Spices get costlier ahead of Eid | The Daily Star
12:00 AM, July 31, 2018 / LAST MODIFIED: 12:00 AM, July 31, 2018

Spices get costlier ahead of Eid

Spice prices have started rising on the back of opportunistic traders'bid to cash in on the surge in demand for the essential cooking ingredients ahead of Eid-ul-Azha, the second biggest religious festival in the country.

The wholesale and retail prices of spices increased both in Dhaka and Chittagong although the import of six spices—cardamom, cumin, cinnamon, cloves, nutmeg and black pepper—rose 10.73 percent year-on-year to 4.54 crore kilogram in fiscal 2017-18, according to Chittagong Customs data.

“This is very frustrating,” said a mid-aged shopper at Mohammadpur Town Hall Market.

The traders have gotten away with increasing the spice prices because of a lack of monitoring and surveillance by the market watchdogs, he said.

In Dhaka, a kg of cardamom yesterday sold at Tk 1,600-2,200, up 18.75 percent from a month ago.

The prices of ginger and onion, two essential ingredients for preparing dishes, also shot up, according to the Trading Corporation of Bangladesh.

Consumers in Chittagong, the second biggest city after Dhaka, are also paying more for cardamom, cumin and cinnamon.

The prices are likely to rise further ahead of Eid ul Azha, said Rumi Ghosh, a retailer at Karnaphuli CDA Market in Chittagong.

“We have to pay more to the wholesalers to buy the spices,” he said citing the price spirals at Khatunganj, the country's major wholesale hub of spices and other food commodities.

At Khatunganj, the prices of cardamom, cumin, cinnamon and cloves increased Tk 20 to Tk 100 per kilogram. However, the prices of nutmeg and black pepper dropped slightly.

Some importers and traders blamed the rise in price on their spiralling prices in the global market and delayed delivery of goods from the Chittagong port.

In different trading hubs, goods change hands many times before reaching the end users and a group of middlemen make good money in the process.

These middlemen usually collect goods in bulk and create a fake crisis in the market, said Md Sekander, who usually buys spices directly from importers and sell it to a third party.

At Khatunganj, the wholesale price of cardamom imported from Guatemala shot up to Tk 1,550 a kg, registering a rise of Tk 100 on each kilo in a span of three weeks.

The import of cardamom shot up 27 percent year-on-year to about 40 lakh kg in fiscal 2017-18.

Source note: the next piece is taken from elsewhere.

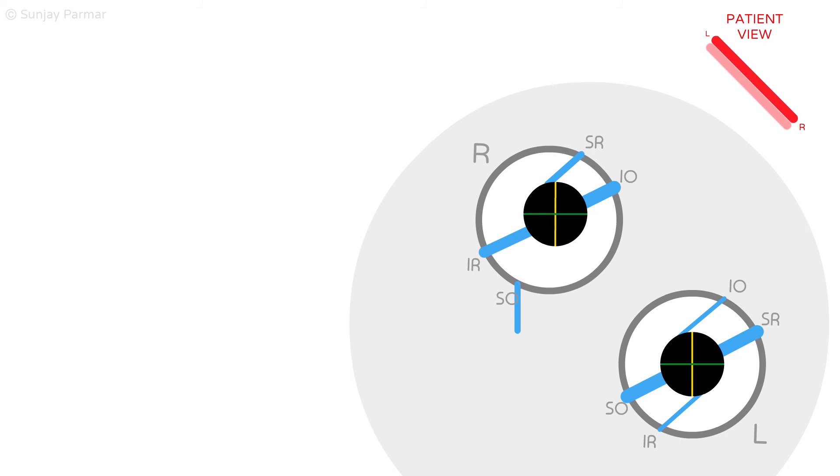This is because looking down and in makes the diplopia worse, as this is normally the optimal working position of the superior oblique muscle. In children, this head tilt may be misdiagnosed as torticollis.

Cumin prices also increased although its import rose 13 percent year-on-year to 2.72 lakh kg in the just concluded fiscal year.

For example, Indian cumin were selling at Tk 320 a kg in the last few days at Khatunganj, up from Tk 300 a kg three weeks ago.

Despite an increase in cinnamon imports, its prices rose Tk 40 per kg in the last two weeks, reaching up to Tk 280 yesterday at Khatunganj.

In the wholesale hub, the price of cloves that are usually imported from India, Indonesia, Madagascar and Brazil, shot up between Tk 30 and Tk 60 a kg depending on its quality.

Faruk Ahmed, proprietor of spice importing firm Faruk Trade International at the wholesale hub, said the booking rates of the spices were higher in the international markets and it caused the rise here.

He said cardamom usually produced in October and November in Guatemala and its price gets higher in May or June when businesses from Bangladesh and other Muslim majority countries usually book for imports during Eid.

Prices of nutmeg, however, dropped Tk 20 a kg.  Wholesalers were found selling Sri Lankan nutmeg at Tk 400 a kg while the price was at Tk 420 per kilo two weeks ago.

The price of Indian nutmeg dropped to Tk 390 a kg against its previous price of Tk 410 a kg.

Like nutmeg, black pepper also came down to Tk 400 a kilo from Tk 420 per kilo two weeks back.

Wholesalers said there is enough supply of these two items and their demand also did not increase that much.